Fort Madison Leaves Main Street Program; Pushing Local Downtown Promotion

Jan 16, 2019

Fort Madison has again left the Main Street Iowa program, which works with downtown businesses in the state. Those behind the change hope it will result in a stronger, more cohesive downtown district for the community.

Fort Madison was one of the first cities in Iowa to receive the designation of a Main Street Iowa community in 1986. The city gave up that designation a few years later due to dwindling interest from local businesses as well as a struggle to meet financial requirements.

Main Street was replaced in Fort Madison by Riverfront Business District (RBD), a local, non-profit formed to help promote the city’s downtown district. RBD led the way in those efforts until 2009, when there was a push to rejoin Main Street Iowa.

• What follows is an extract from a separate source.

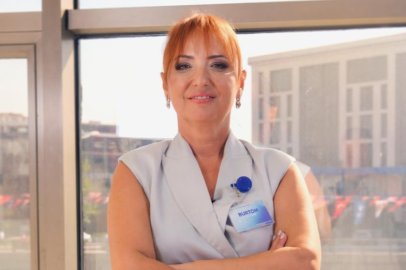 Sağlıkta 'Hastanesiz hastane' modeli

Fort Madison remained a member of Main Street for nearly a decade, until late last year when the Board of Directors for Fort Madison Main Street voted to cut ties with the statewide organization. A letter detailing that decision was sent to local business owners by Stephanie Knoch.

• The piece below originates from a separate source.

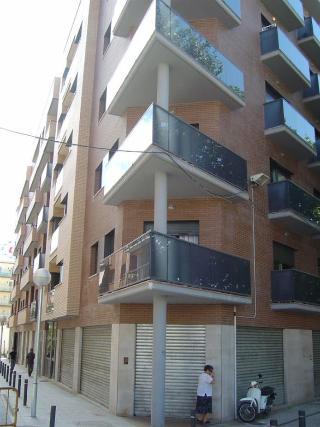 Hotel L'Hort Lloret de Mar Exterior foto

Knoch chairs the RBD Board of Directors. She previously chaired the Board for Fort Madison Main Street.

“The last few years has been a struggle to maintain the requirements placed on [Fort Madison Main Street] by Main Street Iowa (MSI),” wrote Knoch. “Budget requirements, travel and fees, board members, coordinators etc. After a lengthy conversation between MSI Director Michael Wagler and our local board, a decision needed to be made to either remain with MSI and identify opportunities to comply with their requirements or jump ship and revert back to RBD. Although not an easy decision, the decision was made by the Fort Madison Main Street Board of Directors to cut ties with Main Street Iowa and revert back to Fort Madison RBD.”

Knoch said recent successes downtown ($650,000 façade improvement program, $4.2 million upper story apartment rehab projects, and upcoming $1.5 million sidewalk replacement program) were not directly related to Main Street Iowa. She said the two MSI-backed grants Fort Madison applied for did not come through.

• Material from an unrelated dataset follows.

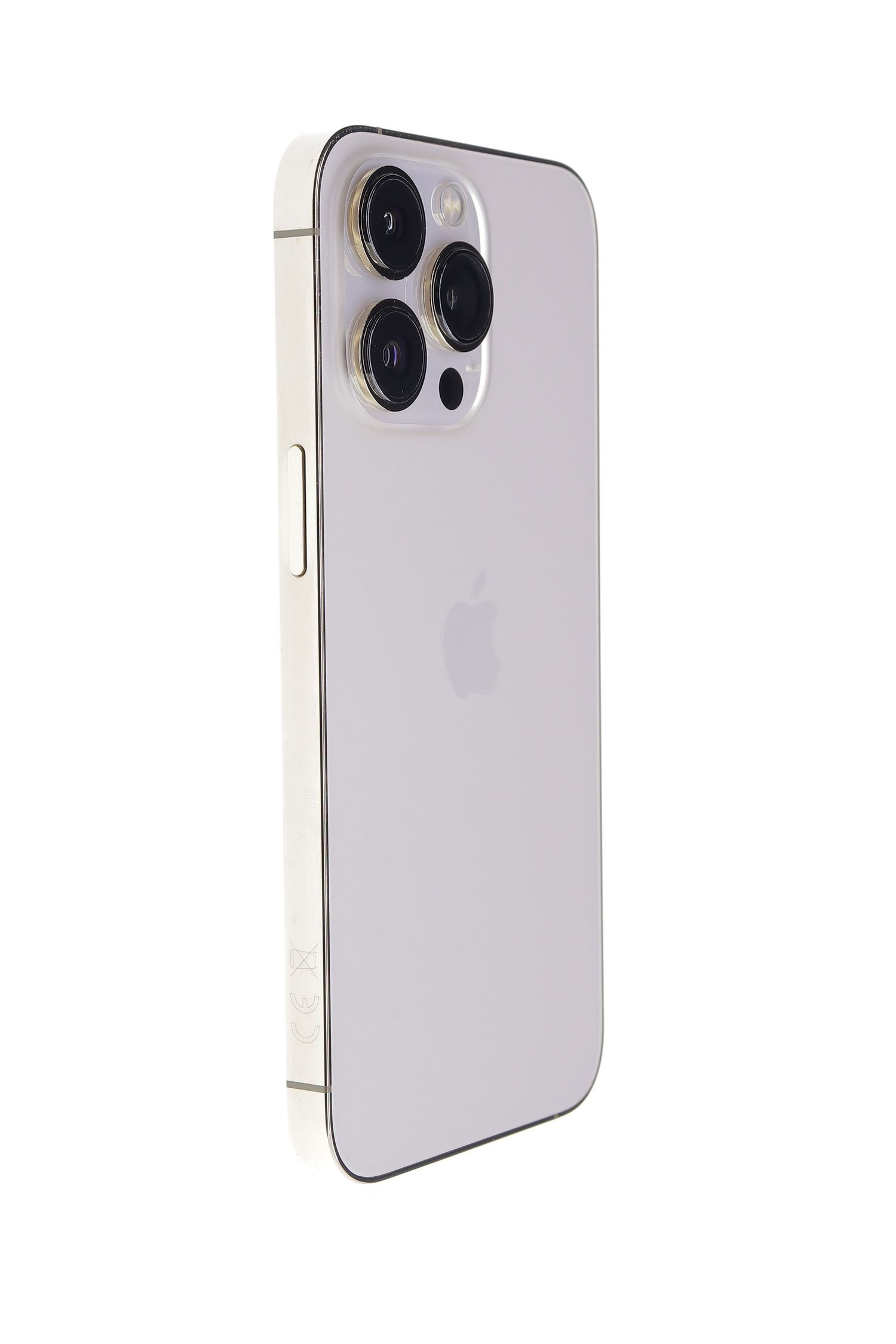 Apple iPhone 13 Pro 128 GB Gold - Ca nou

“Doing this move brings with it a need to ‘rebrand’ ourselves as well as regroup and look at how we go about representing the District,” said Knoch. “We are looking for new board members to help direct this restructuring as we will virtually be starting from scratch for not only board members but also members of committees that will be identified.”

“We have an opportunity to make this what we want, so now is the time to step up to the plate and make Fort Madison’s downtown a place people will want to come and spend the day, relocate/expand a business, take up residency, invest. If we want the District to be successful, we all need to do our part.”